政策金利引き上げで高まる
債券の含み損の拡大圧力

 図表2では、株式・債券・その他の内訳別の含み損益を表示した。一覧すればすぐに分かるとおり、株式はほぼ黒字、それに対し債券はほぼ赤字となっている。

 債券には、国が発行する国債、県や市などが発行する地方債、事業者などが発行する社債が含まれる。株式や不動産同様に、さまざまな要因によって時価が変動し続ける。代表的な変動要因には信用不安が挙げられ、税収や売り上げなどが伸び悩んだことで元利金が支払われなくなって被害を受ける危険を信用リスクと呼ぶ。

 それ以外の変動要因には、金利が挙げられる。債券に投資する投資家は、金融財産として債券を選択・投資するため。少しでも高い金利の債券を選ぶ力が働く。一方、債券を発行して資金を調達する発行体側には、金利負担を軽減するべく少しでも低い金利で発行しようとする力が働く。従って、債券の発行利率は、発行時の金利動向にも左右される。

 期間10年の市場における金利が年1%だった時点で、期間10年利率年2%の固定金利で発行した債券が、発行直後に期間10年の市場金利が年2%に上昇した例をもとに、ごく簡単に説明したい。債券金利の2%と市場金利の1%の差の1ポイント分は、元利金が償還されない信用リスク(「リスク・プレミアム」と呼ばれる)分と考えられる。

 投資後に金利が上昇して2%になれば、「無事に元利金が支払われないかも知れない」という危険を冒さなくとも、市場取引だけで2%が受け取れることになる。よって投資家にとっては、発行済みの債券の魅力が下がるため、時価も下落する。

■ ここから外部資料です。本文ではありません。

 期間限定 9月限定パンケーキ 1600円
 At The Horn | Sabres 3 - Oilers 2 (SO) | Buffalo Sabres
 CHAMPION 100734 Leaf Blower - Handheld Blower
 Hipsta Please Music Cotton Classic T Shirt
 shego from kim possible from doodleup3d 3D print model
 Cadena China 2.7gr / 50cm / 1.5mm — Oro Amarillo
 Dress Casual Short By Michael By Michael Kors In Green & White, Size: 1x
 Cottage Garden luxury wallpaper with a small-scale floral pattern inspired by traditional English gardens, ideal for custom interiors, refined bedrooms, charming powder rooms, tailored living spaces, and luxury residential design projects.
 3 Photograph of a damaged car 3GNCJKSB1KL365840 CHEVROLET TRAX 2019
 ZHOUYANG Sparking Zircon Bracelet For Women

 それとは逆に、発行直後に市場金利が低下して期間10年の金利が年0%になれば、「無事に償還されない(可能性)」という危険は同一ながら、受け取れるポイントのうまみが相対的に高まる。発行時と同一のリスク・プレミアムならば、金利低下後の債券の利率は年1%になるからだ。それゆえに、2%と0%の差の2ポイント分が受け取れるだけ発行済み債券の価値が高まるため、時価も上昇する。

 つまるところ、金利と固定金利型債券の時価は、金利が上昇すれば時価が下落する逆相関の関係にある。24年3月の日本銀行(日銀)のマイナス金利政策解除・金融政策正常化つまり金利の引き上げは、地銀・第二地銀の保有する債券の時価を大きく引き下げる効果をもたらしたことに他ならない。

 地銀・第二地銀が債券に含み損を抱える理由は、債券に投資を行っているからだ。この背景には、投資に伴う負担がある。